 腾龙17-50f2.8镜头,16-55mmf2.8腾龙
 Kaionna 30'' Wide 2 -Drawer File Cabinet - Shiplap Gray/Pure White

==

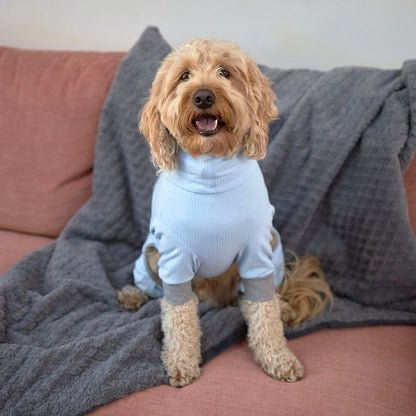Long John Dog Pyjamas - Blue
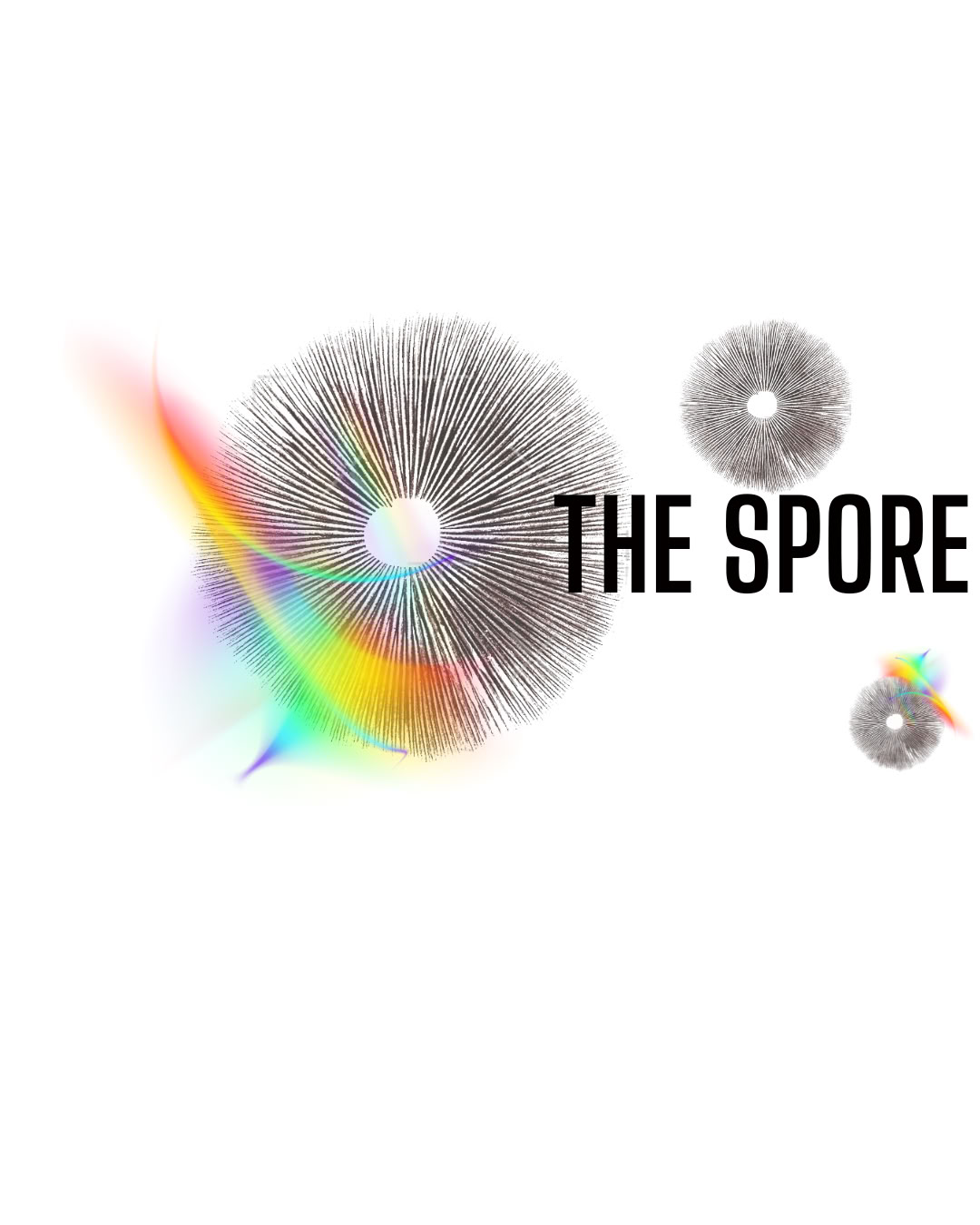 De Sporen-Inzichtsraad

**What the task requires**
Within these entries, output exactly the lines starting at the one with "Long John Dog Pyjamas - Blue" and finishing at the one with "De Sporen-Inzichtsraad". Leave pictures out of the output.

**Exercise output**
Long John Dog Pyjamas - Blue
 De Sporen-Inzichtsraad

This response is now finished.